Claude knows a lot about UI design patterns and there’s often no need to be super specific about what you want. It will often suggest layouts that are better than what I could’ve come up with for example. Still, design involves judgement and having the human in the loop turns out to be important. Auto-generating/one-shotting designs sort of works but for great, polished UX you need to bring taste, product intuition and a deep understanding of your customer base. All things the models don’t have (yet).
Figma also has a bi-directional MCP now. The main method is use_figma, which takes a code parameter and executes arbitrary javascript against the Figma Plugin API. The code runs remotely in a Figma plugin sandbox.
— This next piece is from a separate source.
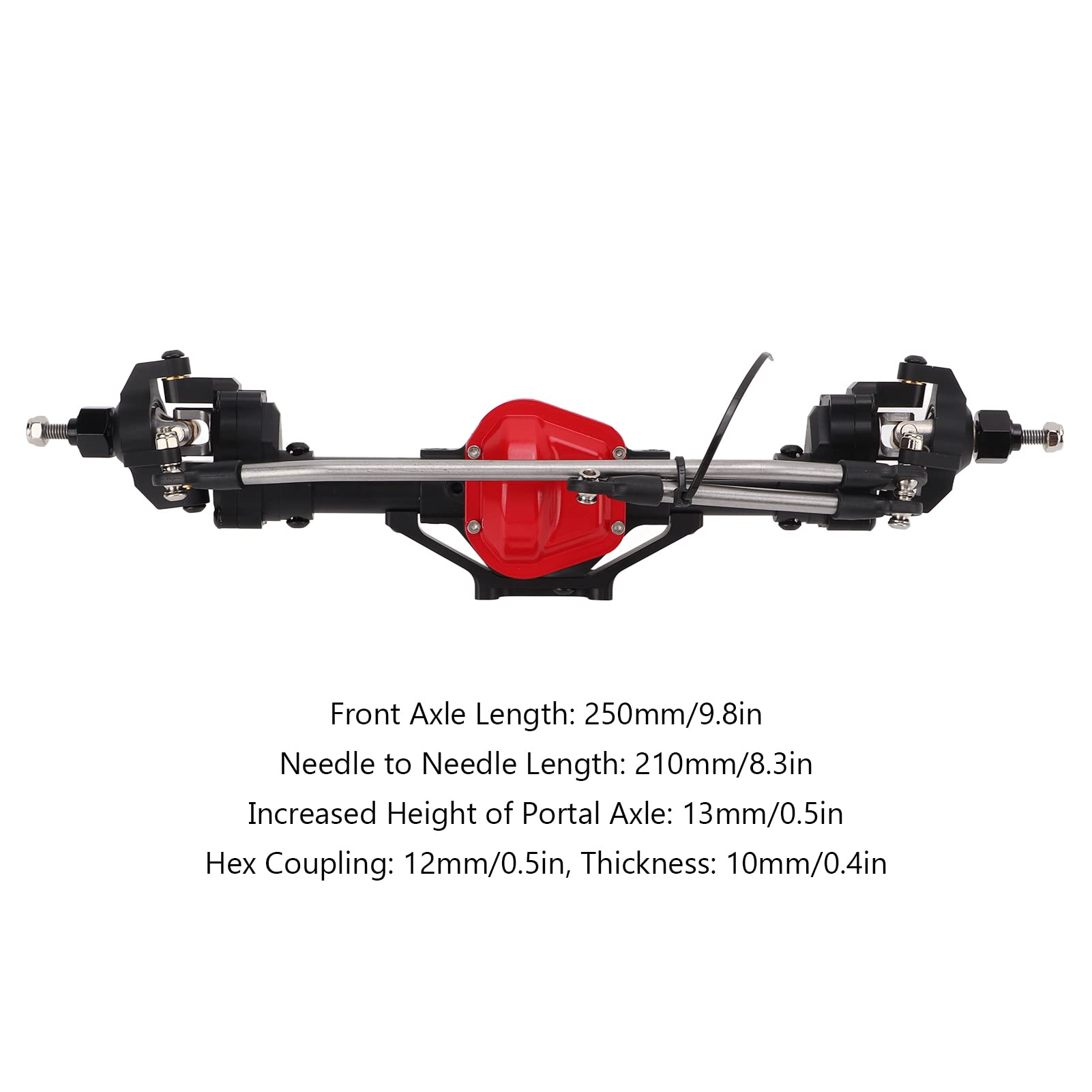 Assale del Portale Anteriore RC, Kit di ASSE Portale di Corse Pesanti in Lega di Alluminio per Assiale SCX10 1/10 Accessorio per Auto Crawler RC (Black)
The approach is different from Pencil's batch_design. There’s no explicit update/move/delete/etc primitives that operate on a structured node tree. Instead, Claude writes and debugs javascript to implement a design. The files it operates on are hosted on Figma’s servers, so every read/write is a network call, while pen files are local. Taken together, this tends to make for slower iterations.
I’ve used Claude + Figma and Claude + Pencil side by side, working on non-trivial design problems like user flows with multiple levels of nesting, mental model ambiguity and other intricacies. Pencil was faster and more accurate, and required significantly less re-prompting. I got it to work with Figma as well eventually, but the experience was more tedious. Claude obviously knows how to write javascript well but like a human designer, it benefits from a more predictable and targeted tool. And it told me as much afterwards when I asked it to do a post-mortem of the parallel sessions [2].
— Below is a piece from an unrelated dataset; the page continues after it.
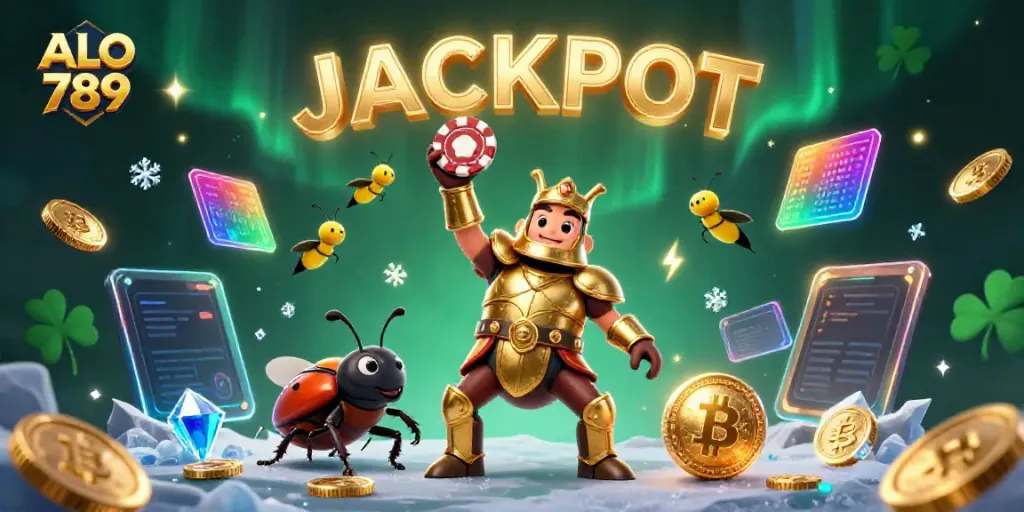 Engage with ALO 789's thrilling gaming landscape featuring a victorious beetle champion in a rich 3D illustration.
Why didn’t Figma release a better MCP? The reason I think is simple: Figma was built for humans. And it was built exceptionally well for that demographic. But its dominance now becomes a liability as UI work shifts both upstream (to product managers) and downstream (to engineers).
Figma has a large installed base and an apparent distribution advantage, and they may still provide a better agent experience down the line. But a distribution advantage isn’t worth as much if your existing customer base is being disintermediated, and the userbase broadens and shifts. Many of the people using Pencil et al. were never Figma pro users to begin with. They are product engineers like myself who had perhaps some grasp of Figma but always wished for something more tightly integrated with the codebase, and a faster feedback loop that didn’t involve costly design handoffs. It makes sense for designs to live close to code now that agents can generate both. At a minimum this cuts down on synchronization issues and helps reduce a large class of translation errors.
The obvious challenge for the new breed of Figma competitors on the other hand is vertical integration by foundation model providers. And indeed, Claude Design is already out in research beta. I like Pencil and its fellow challengers, but it’s not obvious to me what’s defensible about their products, or indeed how they’re going to monetize. They’re subject to significant supplier power — you can’t use them without a foundation model. One option is to attempt to vertically integrate themselves, another is to bet on product focus and attention. Anthropic sure has the resources to build a similar offering but does it have the leadership attention to build one of the same quality? History shows this is not always the case for incumbents.
Footnotes
[1] Not just because of limited visual intelligence, but also because of frequent API errors. In my experiments, the dominant class of errors Claude made turned out to be using the MCP incorrectly - syntax errors, unsupported operations, null-errors. I’m guessing those will go away over time as Pencil optimizes the MCP.
[2] These post-mortems/self-analyses are insightful but must be taken with a grain of salt. Depending on how you frame the analysis, models will happily hallucinate themselves into an opinion that confirms your leading questions. Even a hint of preference will bias them.